%\VignetteIndexEntry{logicFS Manual}
%\VignetteKeywords{Feature Selection}
%\VignetteDepends{logicFS}
%\VignettePackage{logicFS}


\documentclass[a4paper]{article}
\usepackage{amsmath,amssymb}
\usepackage{graphicx}


\setlength{\parindent}{0cm} \setlength{\parskip}{12pt}

\renewcommand{\baselinestretch}{1.1}

\newcommand{\us}{{\small$\underline{\ \,}$}\hspace{1.5pt}}  % underscore


\begin{document}
\title{Identifying interesting SNP interactions with
\texttt{logicFS}}

\author{Holger Schwender\\  holger.schwender@udo.edu}
\date{}

\maketitle

\vspace*{0.5cm}

\section{Introduction}

Logic regression proposed by Ruczinski et al.\ (2003)
is a classification method that attempts to predict the
case-control status based on Boolean combinations of
binary variables. It has already been successfully applied to
SNP data by Kooperberg et al.\ (2001).

This package contains functions that use logic regression
as a wrapper to identify interesting combinations of binary
variables and to measure the importance of these interactions.
A description of the used methods is given in Schwender and Ickstadt (2006).
Even though the intended purpose of this package is the identification of
SNP interactions, it can also be applied to other types
of binary (or categorical) data.   

\texttt{logicFS} also contains a first basic Bagging version
of the logic regression and a fast implementation of the 
Quine-McCluskey algorithm based on matrix algebra. The latter
is described in Schwender (2006) and can be used to identify 
a minimum disjunctive normal form of a given truth table.

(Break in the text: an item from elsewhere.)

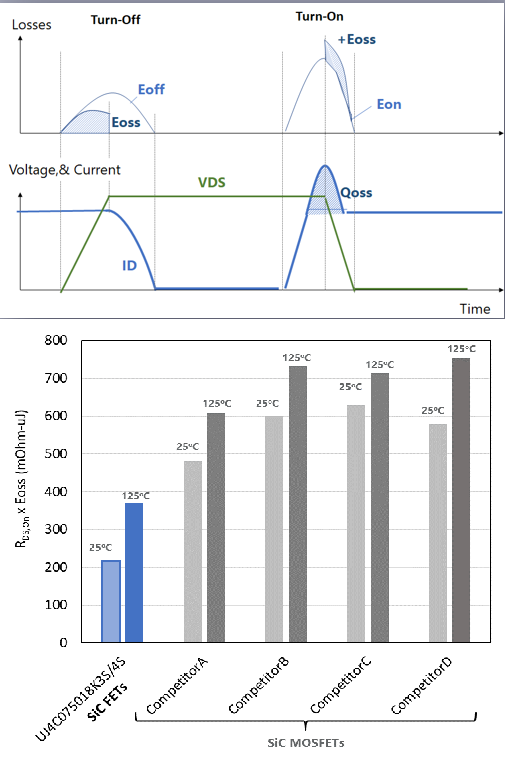 Hard Switching Figure of Merit for UnitedSiC 750V FETs Compared to 650V Rated SiC Competitors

\section{SNP Data and their Transformation into Dummy Variables}\label{data}

As always, the package has to be loaded.

<<>>=
library(logicFS)
@

As example data set, we use the data set contained in \texttt{logicFS}.

<<>>=
data(data.logicfs)
@

\texttt{data(data.logicfs)} consists of two objects: A simulated matrix, \texttt{data.logicfs},
containing the data of 15 variables (columns) and 400 observations (rows) and
a vector, \texttt{cl.logicfs}, consisting of the class labels of the 400 observations.

Each of the variables in \texttt{data.logicfs} is categorical and can take the realizations 1, 2 and 3.
The class label of the first 200 observations is 1 (for case) and the class label
of the remaining observations is 0 (for control). If one of the following expression
is \texttt{TRUE}, then the corresponding observation is a case:

\begin{itemize}
\item[] SNP1 == 3
\item[] SNP2 == 1  \&  SNP4 == 3
\item[] SNP3 == 3  \&  SNP5 == 3  \&  SNP6 == 1
\end{itemize}

where SNP1 is in the first column of \texttt{data.logicfs}, SNP2 in the second, and so on.

Even though the variables are called SNPs, these variables have not been generated
by an algorithm for simulating SNP data. So most of the values of a variable can, e.g.,
be 3 even though 3 should actually code the homozygous variant genotype.

Logic regression and hence the functions in \texttt{logicFS} can only handle binary
predictors. So the categorical SNP variables have to be transformed into two binary
dummy variables. If the homozygous reference genotype of the SNPs is coded by 1, the
heterozygous genotype by 2 and the homozygous variant type by 3, then the function
\texttt{make.snp.dummy} can be used to code these SNPs. Thus, a binary 
representation of the variables in \texttt{data.logicfs} can be obtained by

<<>>=
bin.snps <- make.snp.dummy(data.logicfs)
@


\section{Feature Selection Using Logic Regression}\label{fs}

The binary dummy variables in \texttt{bin.snps} can now be used in \texttt{logic.fs}
to identify potentially interesting combinations of these variables and to
measure the importance of these interactions. Since the default version of the logic
regression and thus the current version of \texttt{logic.fs} is based on 
simulated annealing, we set

<<>>=
my.anneal <- logreg.anneal.control(start = 2, end = -2, iter = 10000)
@

and the number \texttt{B} of considered logic regression models to 20
to speed up the computation. The feature selection is then performed by

<<>>=
log.out <- logicFS(bin.snps, cl.logicfs, B = 20, nleaves = 10, 
   rand = 1234, anneal.control = my.anneal)
@

where we allow that a maximum of \texttt{nleaves} $=10$ variables is in the
logic regression models and set \texttt{rand} to 123 to make the results
of this vignette reproducible.

The output of \texttt{logicFS} is given by

<<>>=
log.out
@

Not very surprisingly, only the interactions shown in Section \ref{data}
have a high importance, where, e.g., \texttt{!SNP2\us 1} stands
for NOT SNP2\us 1, i.e.\ SNP2\us $1=0$. Thus, the logic expression 
\texttt{!SNP2\us 1 \& SNP4\us 2} means ``SNP2 is of the homozygous
reference genotype and SNP4 is of the homozygous variant genotype."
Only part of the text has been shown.